Edano, speaking earlier on a Sunday TV talk show, said the radioactive water is “almost certainly” seeping from a reactor core, the Associated Press reported.
On Saturday, the utility admitted that it had failed to adequately warn workers about dangerous radioactive water at the plant.
Edano chastised the company, known as TEPCO, saying Saturday that it needed to share information more quickly and, unless it does so, “the government will not be able to give appropriate instructions and [the company] will make workers, and eventually the public, distrustful,” according to Kyodo News.
TEPCO officials apologized for the lapse but also noted that workers had ignored alarms that had alerted them to high levels of radiation in the work area.
Leakage of radiation beyond the main reactor buildings continues to be a cause for concern.
Levels of radioactive iodine as much as 1,250 times higher than the benchmark considered safe were found in seawater about 1,000 feet from the complex, officials said Saturday. However, experts said the radiation would quickly disperse and would not pose a threat to people nearby or to sea life.

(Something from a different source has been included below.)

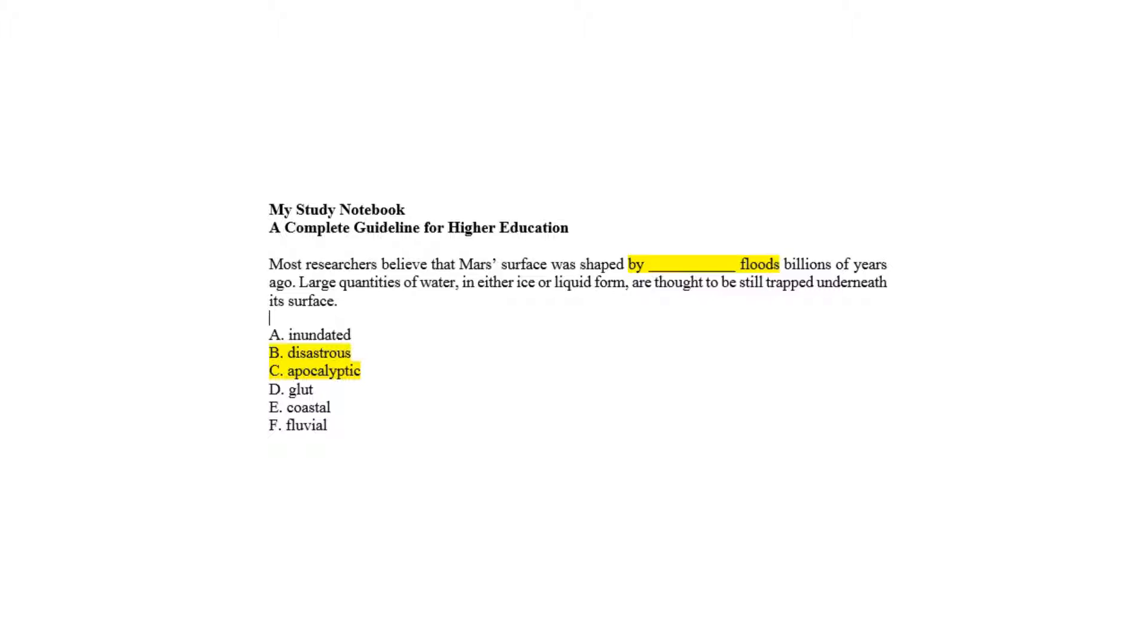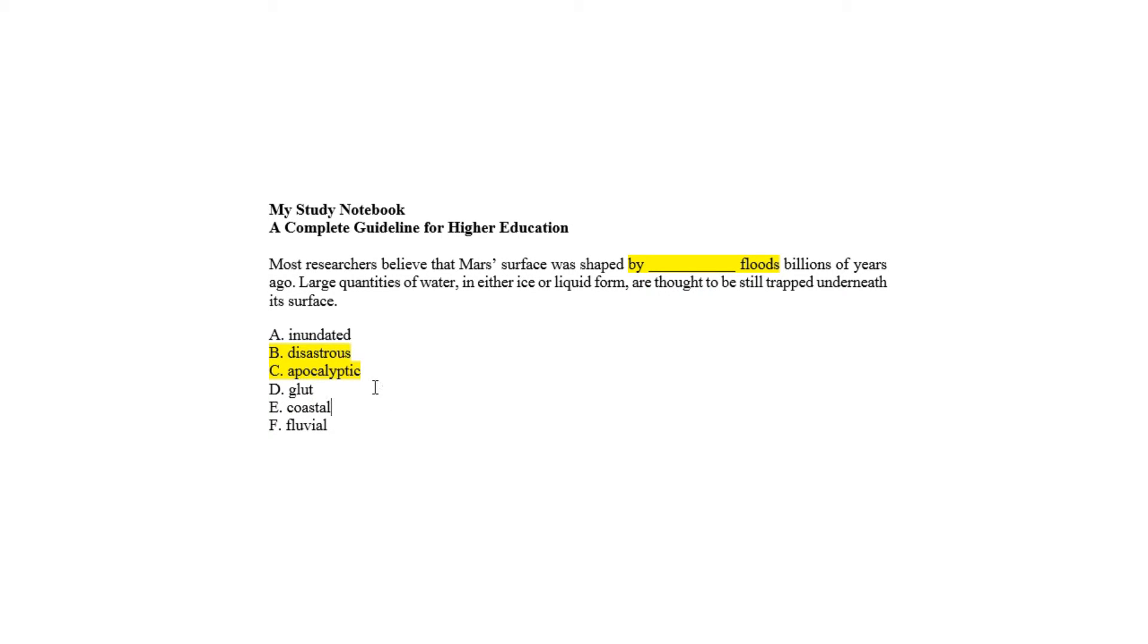On the other hand, choice E and choice F are also incorrect because the floods mentioned in the passage can't have any kind of certainty with the coastal or fluvial region.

People within 12 miles of the plant were evacuated shortly after the earthquake and tsunami struck; those living within 18 miles have been told to stay indoors to avoid radiation exposure. But in recent days, the government has urged people living within 18 miles of the plant to leave their homes voluntarily as supplies in the region have been hard to come by.
Asked at the news conference Sunday afternoon whether the government was considering mandating evacuation of the 18-mile zone, Edano said the government was “keeping all options open.”